A piece of arithmetic should be shaping more product roadmaps than it currently does.
If each step in a multi-step agent workflow succeeds 95% of the time, a 20-step workflow completes about 36% of the time. Every individual step looks reliable. Multiplication is just unforgiving.
| Steps in workflow | End-to-end success at 95%/step | End-to-end success at 97.5%/step |
|---|---|---|
| 5 | 77% | 88% |
| 10 | 60% | 78% |
| 20 | 36% | ~60% |
The curve is steep and it does not negotiate.
And 95% is generous. The best models on SWE-bench Pro score around 23% on coding tasks requiring multi-step reasoning. These are structured domains with well-defined success criteria. The live web, with shifting layouts and adversarial detection, is less forgiving still.
What the math forces
You can see compound error rates reshaping production most clearly in what organizations actually ship.
A UC Berkeley study surveying 306 practitioners found that 47% of production agents execute fewer than five steps before requiring human intervention. Sixty-eight percent cap at ten. In the study's detailed case analyses, 80% use predefined static workflows rather than open-ended autonomy. The researchers describe this as deliberate engineering. Organizations are building to the math.
Call it workflow compression: the distance between what teams design on a whiteboard and what they deploy. Ambitious multi-step architectures get shortened, checkpointed, and bounded until end-to-end success rates clear a usable threshold. Anthropic's own guidance on building agents makes the point directly:
"Optimizing single LLM calls with retrieval and in-context examples is usually enough."
The vendor building frontier models is telling you to use fewer steps.
What each nine costs
The path from demo to production has been described as a "march of nines": getting from 90% to 99% to 99.9% reliability, where each additional nine requires roughly the same effort as the last.
One widely cited estimate puts it starkly: reaching 80% reliability takes 20% of the effort, but production demands 99% or better, and that last stretch can take 100x more work.
This creates a specific economic bind for longer workflows. The human checkpoints that make ten-step chains viable were supposed to be temporary scaffolding.

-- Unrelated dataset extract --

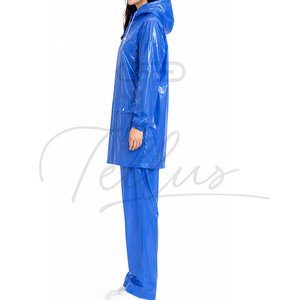 <b>Women</b>’s Waterproof Rain Suit Hooded Jacket and Pants Set <b>Women</b>’s Waterproof Rainwear Suit Jacket and <b>Trouser</b> Set - Product Image 3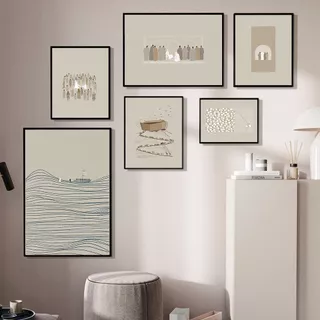 Quadro Modern Bible Verse Wall Art, Jesus Lavando Pés, Andar Sobre Água, Cristão, Decoração Sala de Estar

Improving step reliability from 95% to 99% requires systems work, a different kind of engineering than improving from 80% to 95%. Better prompts won't close that gap. While that systems work proceeds, the checkpoints persist.
The Berkeley study found 74% of production agents depend primarily on human evaluation. Think about what that means for the business case. The automation was justified by replacing task labor. Yet every chain longer than five steps still needs a human reviewing intermediate outputs, approving handoffs, catching confident-but-wrong results. The labor has migrated. Someone still exercises judgment, only now about system behavior on top of domain knowledge. That kind of oversight tends to cost more. And the oversight required to make longer chains viable starts consuming the savings that justified automating them. The business case hollows out gradually, not in a single visible collapse.
Single-step benchmarks, multi-step terrain
The industry measures progress in single-step capability. Benchmark scores improve. Reasoning gets sharper. Context windows expand.
All genuine advances. The multiplication problem remains untouched by any of them. Halving the failure rate at each step, from 95% to 97.5%, takes a 20-step workflow from 36% end-to-end success to about 60%. Better, genuinely. Still nowhere near production-viable. Still nothing you'd build a business process around.
How many decision points a workflow requires ends up mattering more than how smart the agent is at any given one of them.
Organizations deploying agents into production already understand this. They build short, checkpointed, tightly scoped workflows. The industry's investment thesis, its benchmarks, its product roadmaps, still largely optimizes for single-step performance and deploys into multi-step terrain. The math doesn't care about the roadmap. It's already determining which workflows survive contact with production and which quietly get shortened until they do.
Things to follow up on...
- Amazon's evaluation rethink: Amazon's engineering blog describes how building thousands of internal agents since 2025 forced a fundamental shift in evaluation methodologies away from model performance toward whole-system success rates.
- LangChain's production survey: The State of Agent Engineering survey of 1,340 practitioners found that quality, not capability, is the top production barrier at 32%, with 94% of production agents already having observability in place.
- Graph-based execution replacing chains: One infrastructure analysis argues that graph-based execution has definitively replaced linear chains in production, partly as an architectural response to compound error rates in sequential workflows.
- Gartner's cancellation forecast: Over 40% of agentic AI projects are expected to be canceled or fail to reach production by 2027, a figure corroborated by S&P Global data showing organizations scrap 46% of AI proof-of-concepts before deployment.